=== Input data ===
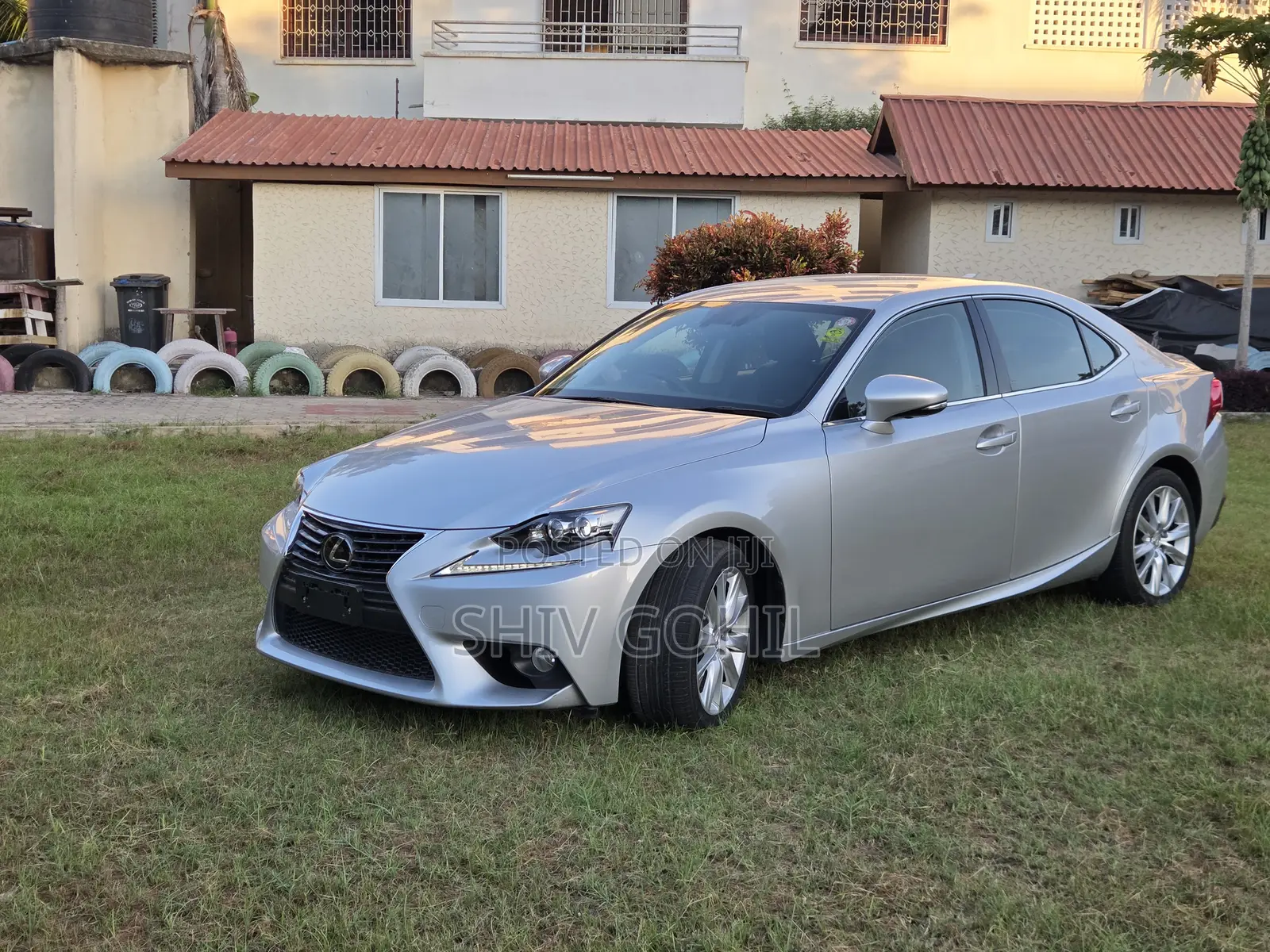 Lexus IS 2013 Silver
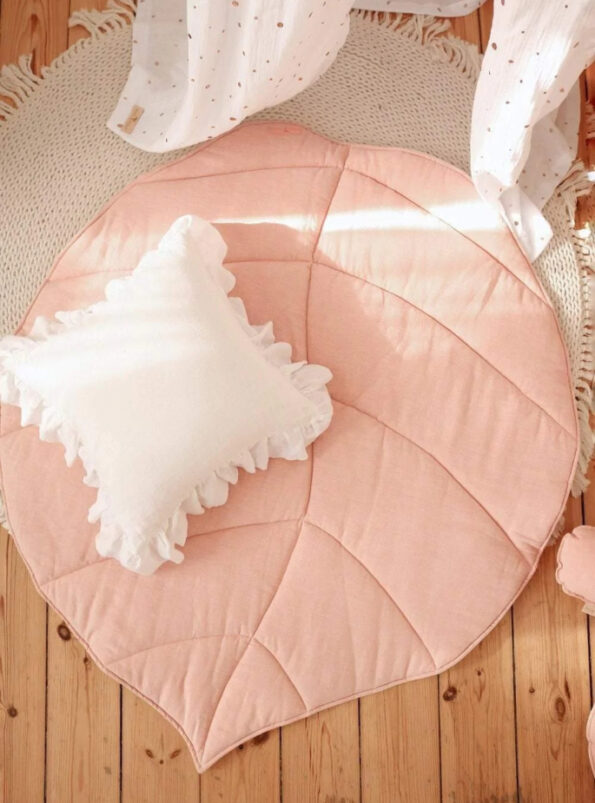 alfombra-infantil-hoja-rosa-1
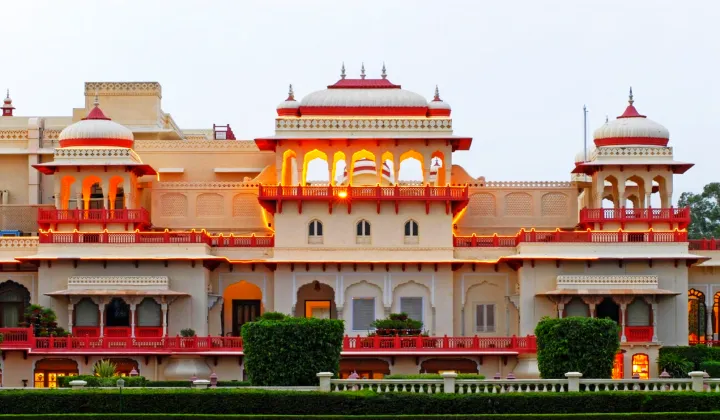 Hotel palacio heritage de lujo Jaipur Rajastán — alojamiento tour lujo Triángulo Dorado TTI Tours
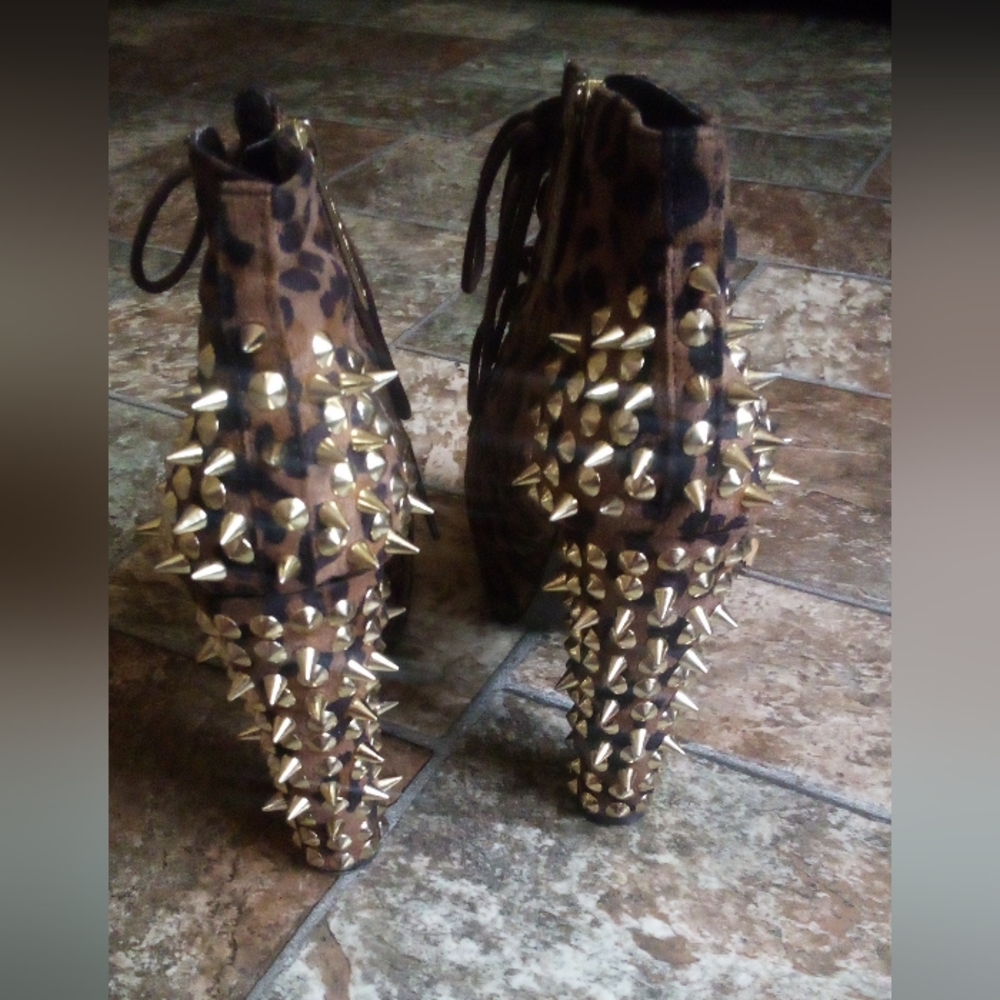 Cheetah print, breckelles , size 6 1/2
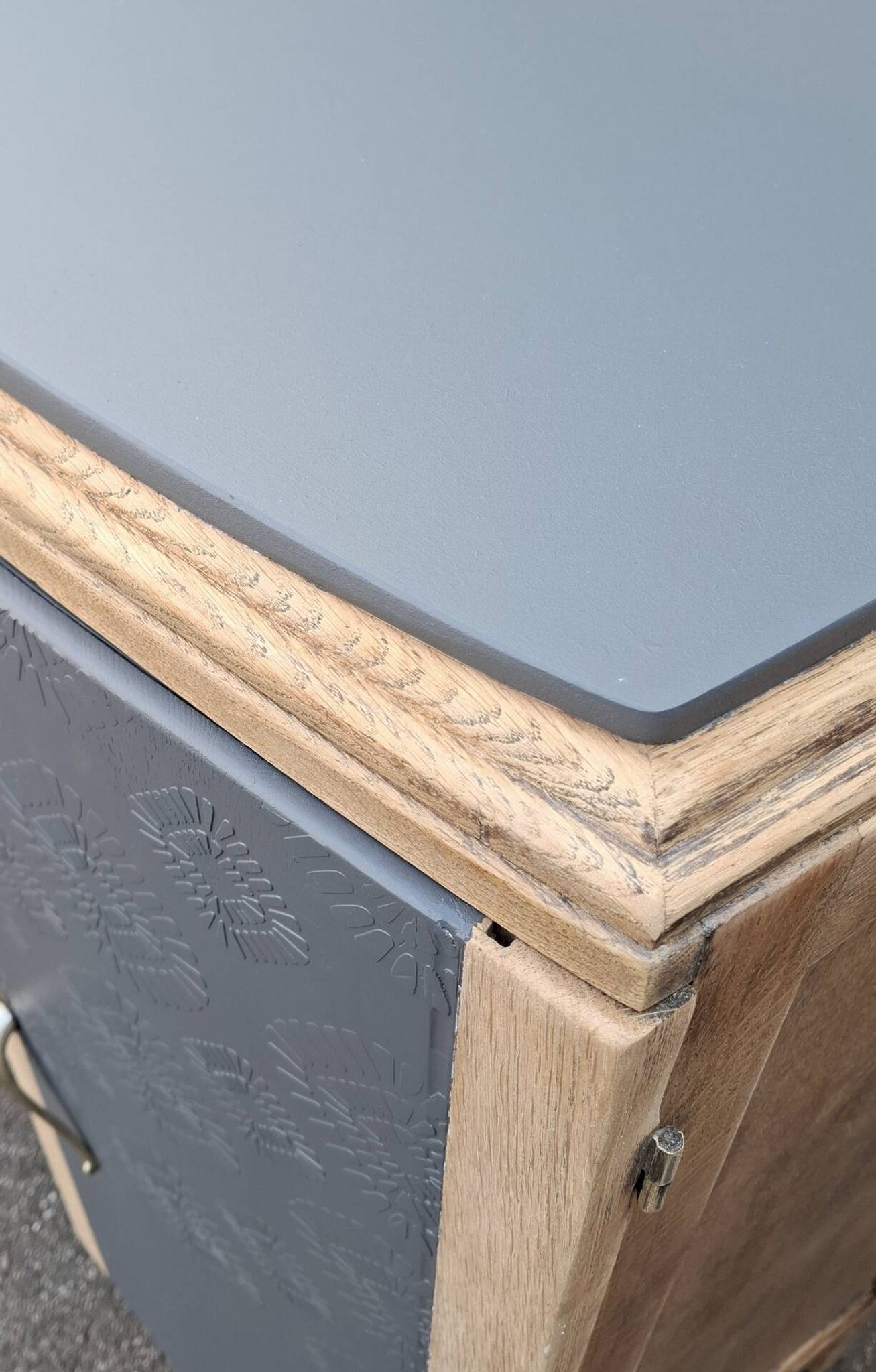 Art Deco buffet in oak and anthracite.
===
**What you need to do:** Could you return exactly the lines starting with the one that contains "Hotel palacio heritage" and ending with the last line of the data above? Leave the pictures out.

**Expected answer:**
 Hotel palacio heritage de lujo Jaipur Rajastán — alojamiento tour lujo Triángulo Dorado TTI Tours
 Cheetah print, breckelles , size 6 1/2
 Art Deco buffet in oak and anthracite.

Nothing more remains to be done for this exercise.